ㅤㅤQuanto ao uso de materiais destacam-se as forrações inertes à base de reciclados ou reaproveitamentos, como: – as lascas de pneus pigmentadas, os fragmentos de vidro, as cascas de árvore, os cacos cerâmicos e de azulejos, enfim a experimentação e o reuso são tônicas do momento à procura de mitigar os impactos que a sociedade pós-industrial impõe ao planeta.
ㅤㅤA estética de composição é mais livre, e desde que haja coerência é possível combinar novas cores e texturas na busca de sensações que não tão usuais.
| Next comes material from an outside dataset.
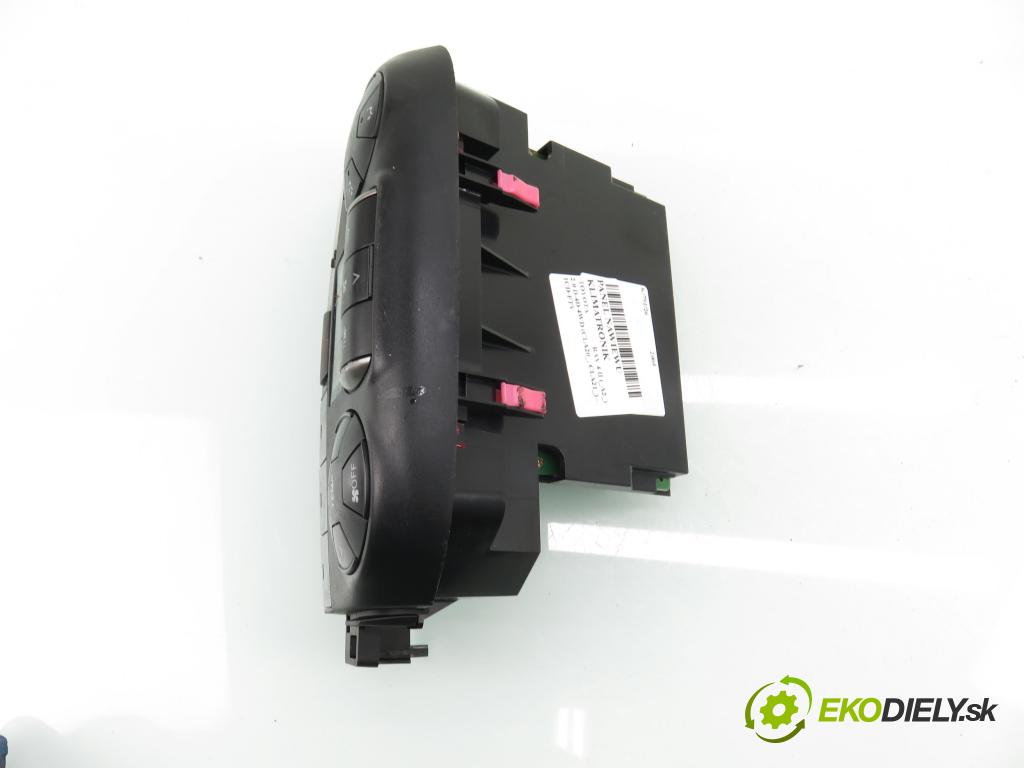 TOYOTA RAV 4 II (_A2_) SUV 2005 85,00 2.0 D-4D 4WD 116 - 1CD-FTV 1995,00 Panel kúrenia KLIMATRONIK 8865042170 ; 1773007731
Exemplo disto é o emprego de instalações artísticas e elementos tecnológicos em meio às plantas e aos materiais naturais, jardins com estética campestre em meio às cidades, jardins sensoriais e interativos, composição de espécies variadas desde que agrupadas com coerência em relação às necessidades ecológicas de cada uma.

A sociedade é o reflexo de seu tempo e a paisagem o palco onde se desenvolve este eterno espetáculo em busca do aperfeiçoamento da expressão artística. O jardim como arte é um dos modos pelo qual o homem se mantém próximo a natureza, reinterpretando-a e conferindo-lhe caráter e ordem que expressam seus sentimentos e ideias.